KNIME direct connect with Delta Lake in Azure Cloud

Hello, Community,
I have one delta lake storage in Azure Cloud storage account Gen2. To serve this delta table, one Synapse Serverless SQL is used. We can successfully load the data from the Serverless SQL and do some desired operations in KNIME.
Sadly, we run into some blockers when writing the processed result back to Synapse Serverless SQL or Storage account as Delta Table. So is there anyone with experience:

  1. Write Delta Table ( [Home | Delta Lake] (https://delta.io/)) to Azure Storage Account.
  2. Merge the Delta Table instead of the overwrite / append.
  3. even better, direct read from the storage account in Delta Table format.

Kind regards
Loujiang

Hi @ Loujiang,
Can you tell us a bit more about the concrete blockers you are facing? I do not have experience with Delta lake specifically, but have debugged many database connections in KNIME before. So if you describe what is going wrong, I might be able to help.
Kind regards,
Alexander

1 Like

Hello, Alexander,
I want to return the table to Azure Storage Account Gen 2 in delta format(parquet files with special metadata denoting them). Currently, I can only do with the regular parquet files. Are there some possible solutions to this?
Best wishes
Loujiang

Hi,
Can you read the files with our Parquet Reader and the Azure Data Lake Storage Gen2 Connector instead of SQL? Or is the metadata so special that it cannot be read?
Kind regards,
Alexander

Hallo,
For that, I can read the parquet in with the Parquet Reader like following:
image

However, the data read-in is not desired.
In the folder, we have multiple parquets generated with the following logic(delta):

  1. One Version of the delta table will connect to one/multiple parquets.
  2. When default reading, we only read the limited parquets based on the metadata to get the latest version.
  3. When writing back, we also need metadata management. In our normal process, it is maintained automatically with the delta merge.

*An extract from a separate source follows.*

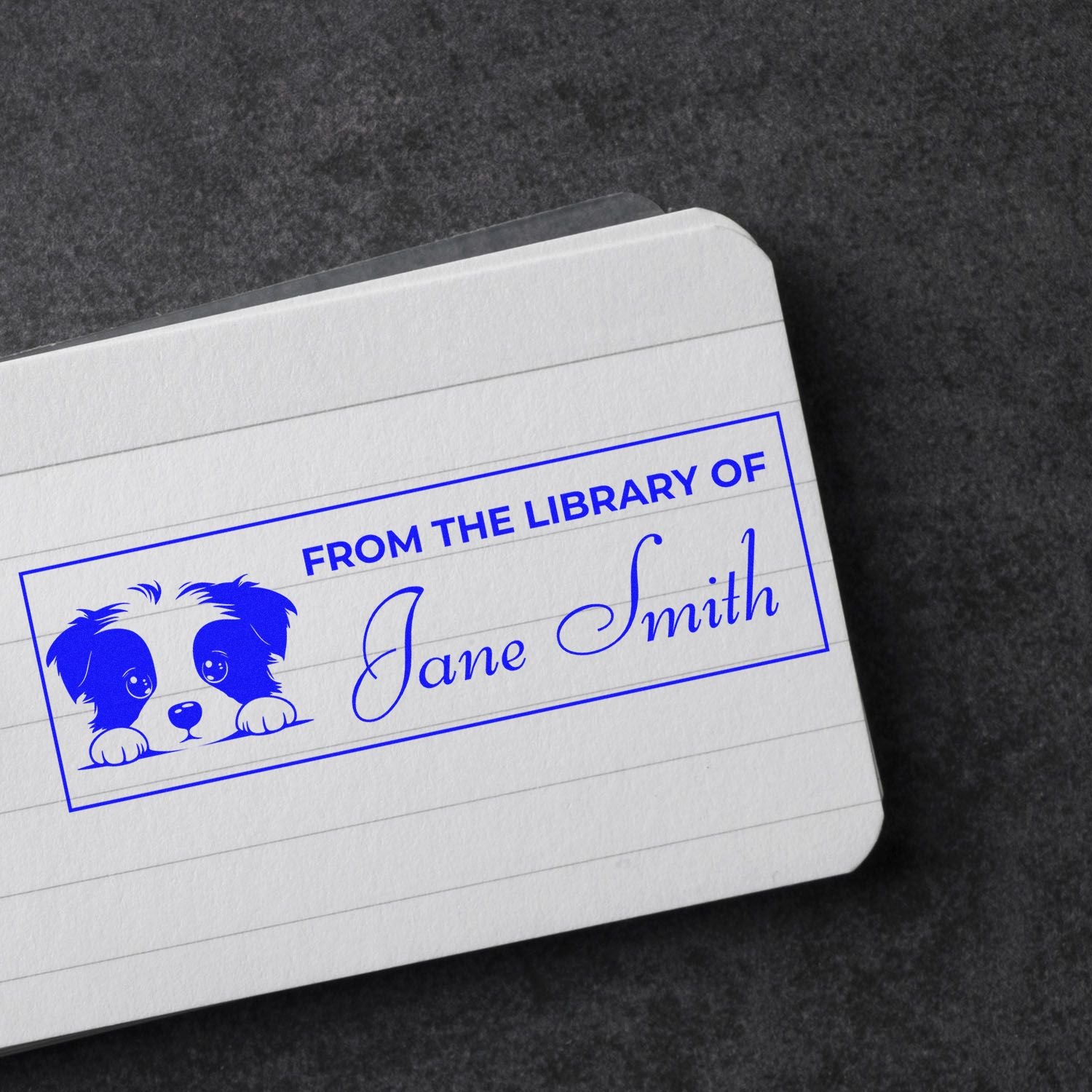 Custom rubber stamp with dog graphic and From the Library of Jane Smith for personal books, libraries, and book lovers.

However, with KNIME, the parquet read could only read all parquet and not use the metadata. So in the flow, it reads all transaction results.

best wishes
loujiang

Hi,
In what format do you have the metadata? Could you read that as well and use it to control the Parquet Reader?
Kind regards,
Alexander

This topic was automatically closed 90 days after the last reply. New replies are no longer allowed.